Start of Input

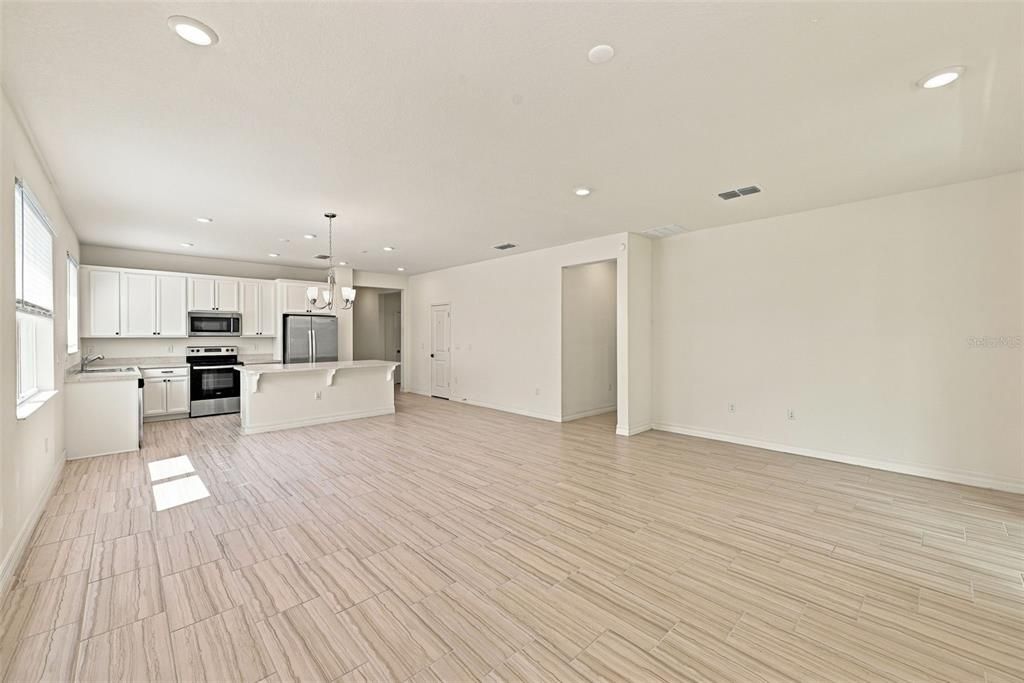 En Venta: $445,000 (4 camas, 2 baños, 2148 Pies cuadrados)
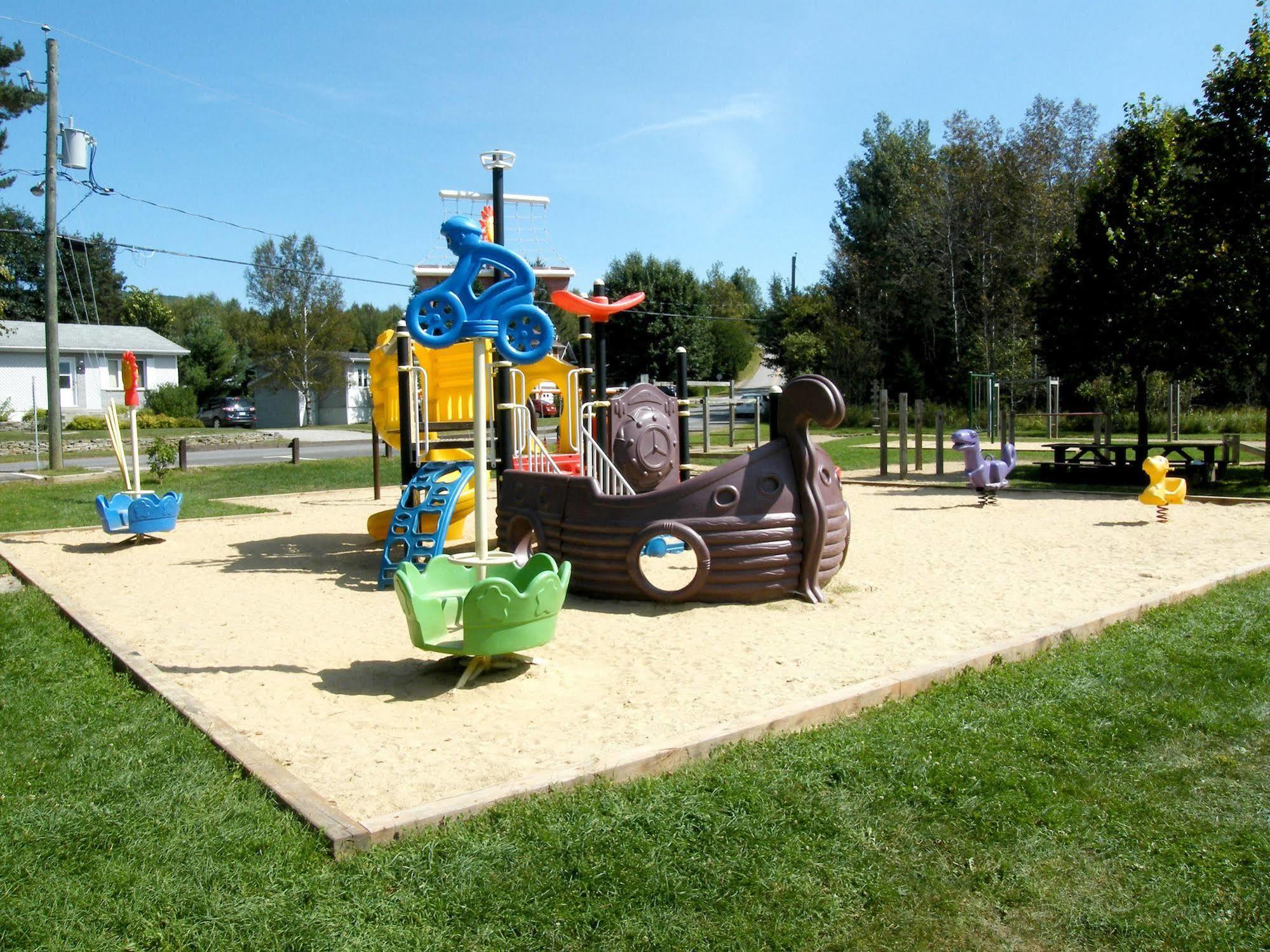 شقة Tremblant Les Eaux - Location Adp مونت تريمبلانت المظهر الخارجي الصورة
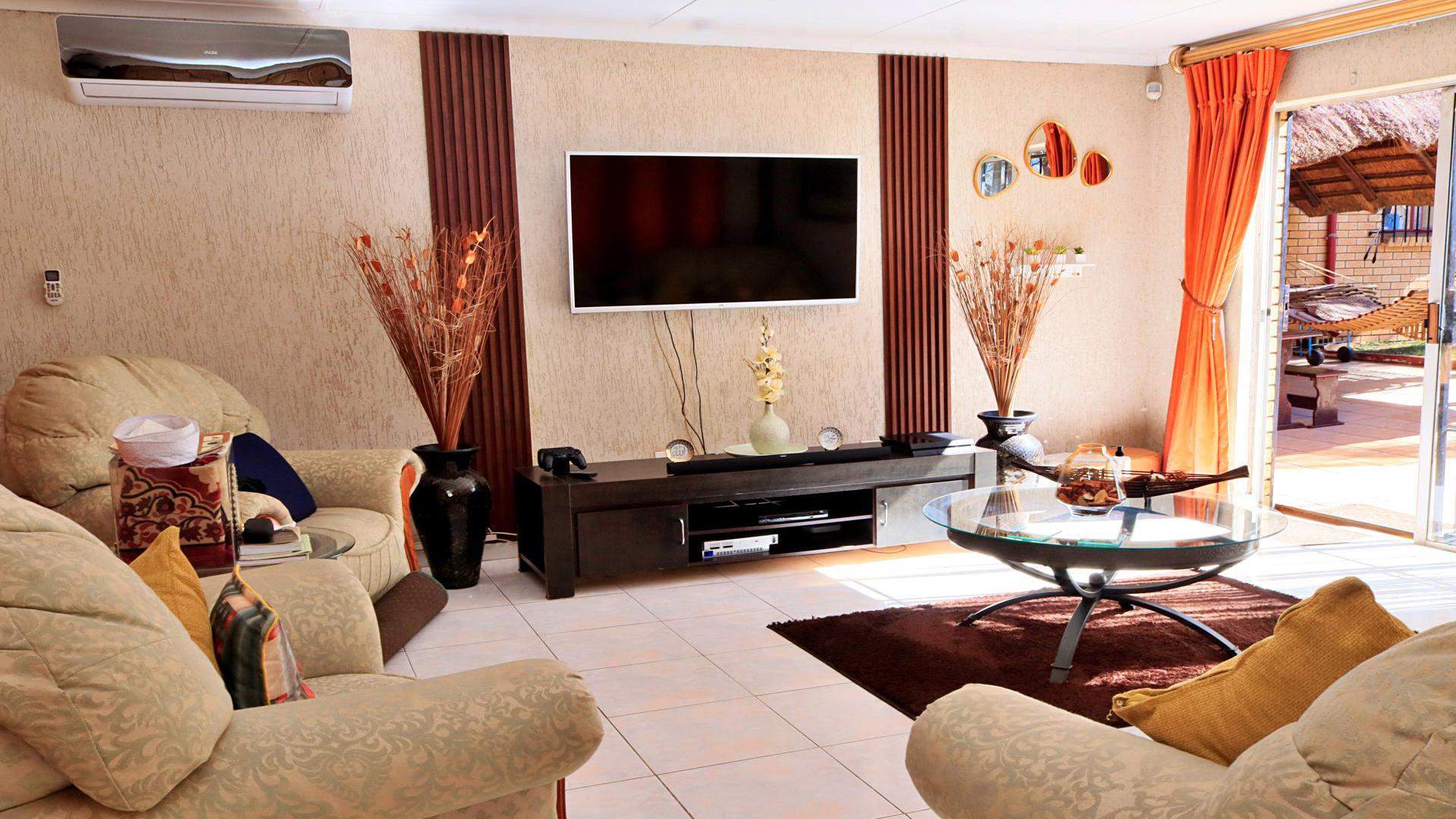 Lounges of property in Erasmia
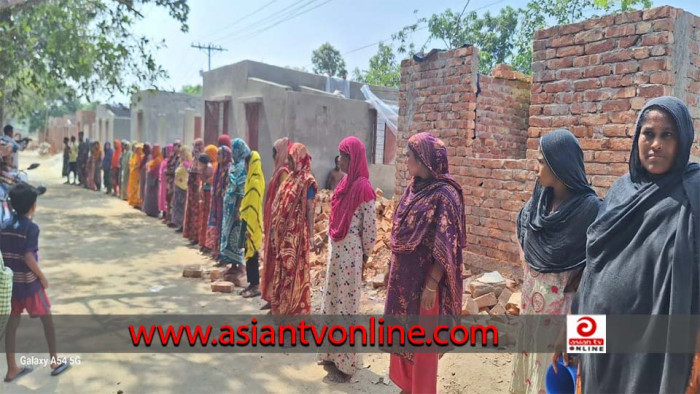 মুকসুদপুরে ইউএনও’র বদলির আদেশ বাতিলের দাবিতে মানববন্ধন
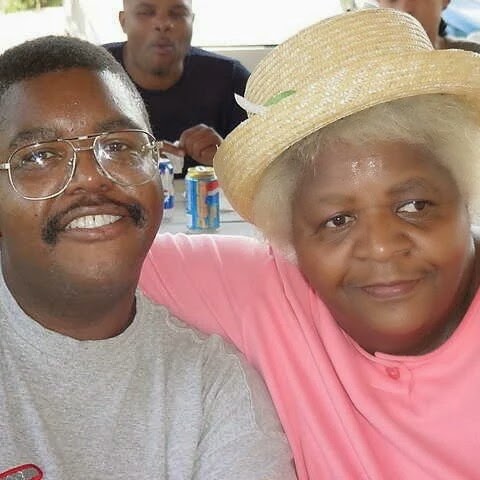 Ray Woods Photo 36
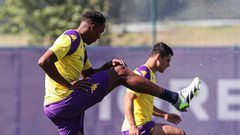 Fiorentina confirma la lesión de Yerry Mina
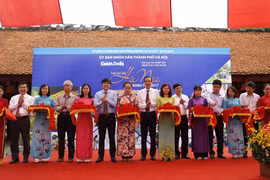 « Rythme de la vie à Hanoï » en exposition au Temple de la littérature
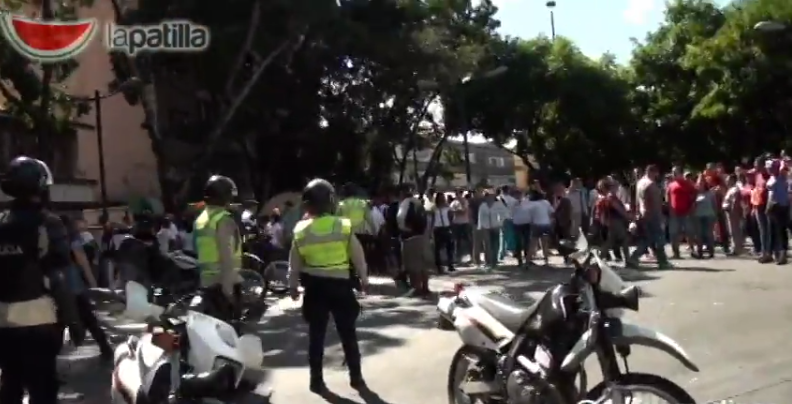Los manifestantes en la marcha: “Las calles son del pueblo y no de la policía” (video exclusivo)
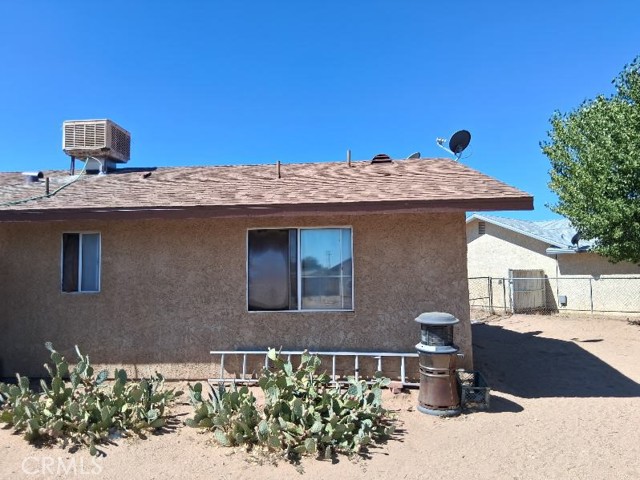 10706 Margie Place, Adelanto CA: https://media.crmls.org/medias/1494bd18-dd19-4d9f-b15a-7c11cb81dbe9.jpg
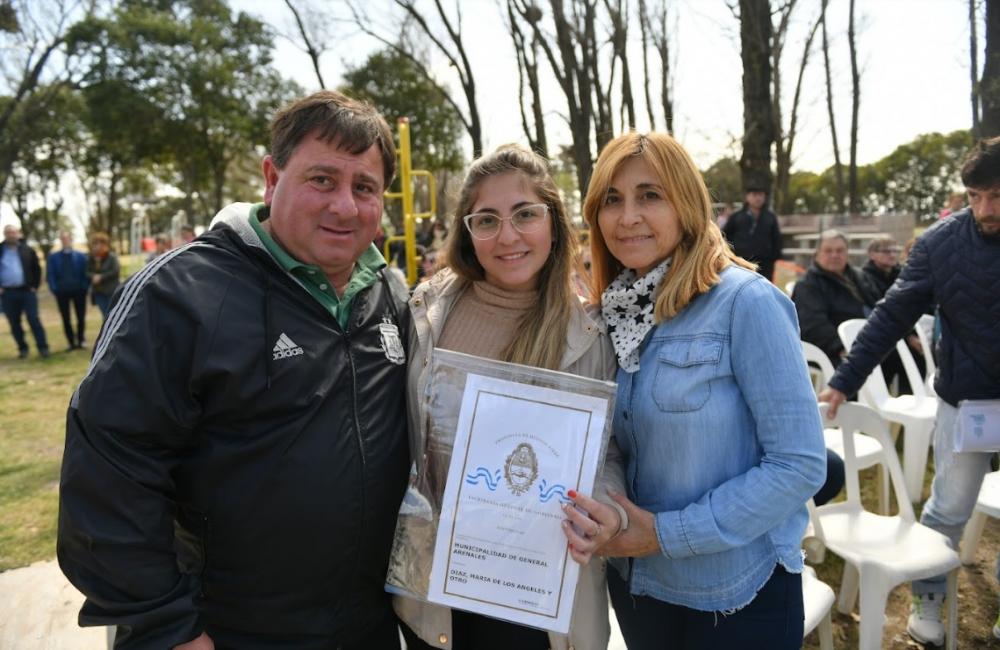 La Provincia entregó 204 títulos de propiedad gratuitos para familias de General Arenales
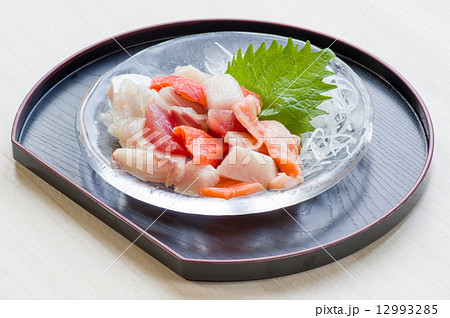 鮮魚切り落としの刺身 鮮魚切り落としの刺身 12993285
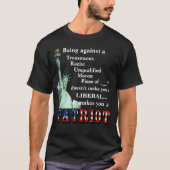 Gegen einen TRAITOR zu sein, macht dich nicht zum  T-Shirt (Vorderseite)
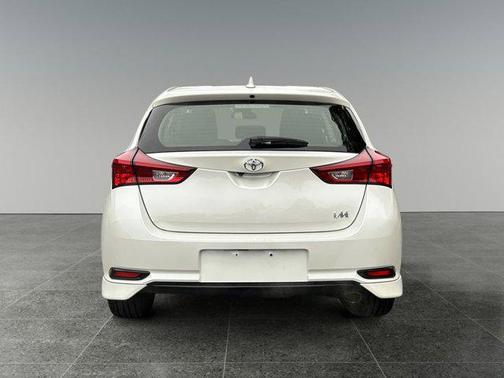 2017 Toyota Corolla iM Base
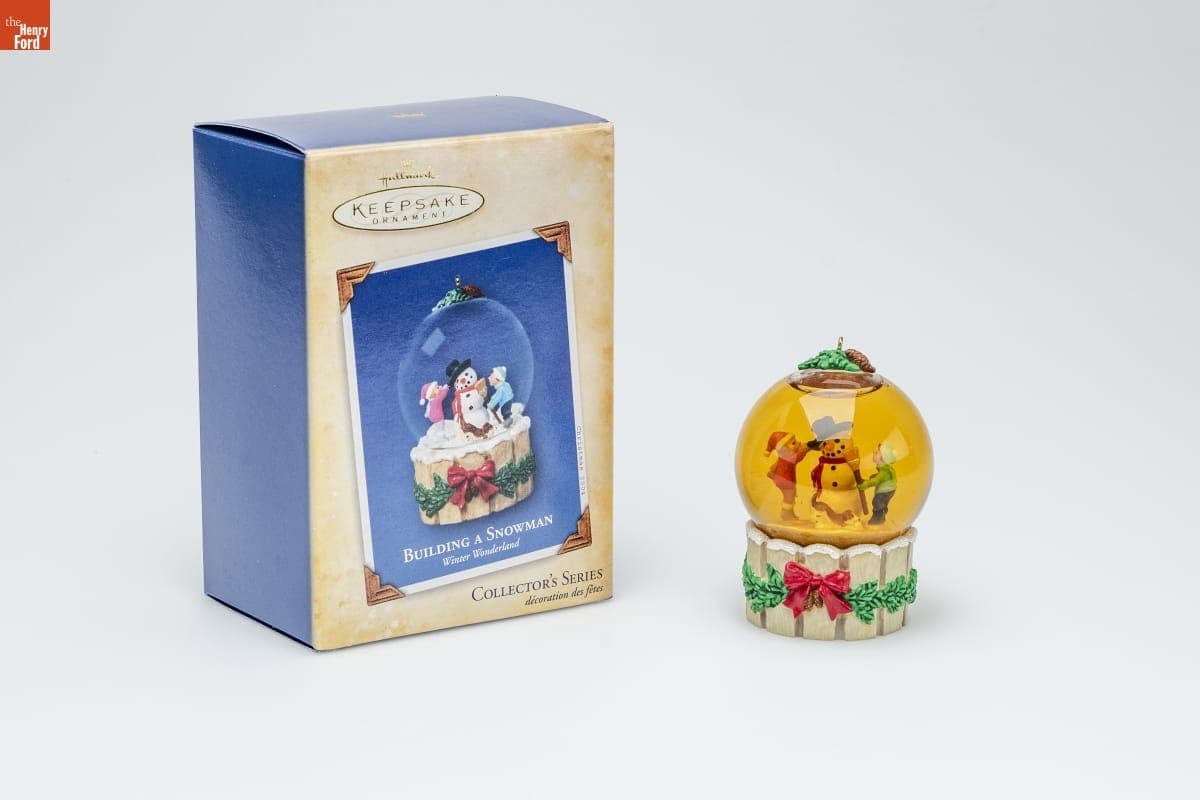 Hallmark "Winter Wonderland Series: Building a Snowman" Christmas Ornament, 2004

End of Input

Your task:
Please copy exactly the lines from the one that contains "Gegen einen TRAITOR" through the last line of the listing above, leaving out the pictures.

Output for this task:
 Gegen einen TRAITOR zu sein, macht dich nicht zum  T-Shirt (Vorderseite)
 2017 Toyota Corolla iM Base
 Hallmark "Winter Wonderland Series: Building a Snowman" Christmas Ornament, 2004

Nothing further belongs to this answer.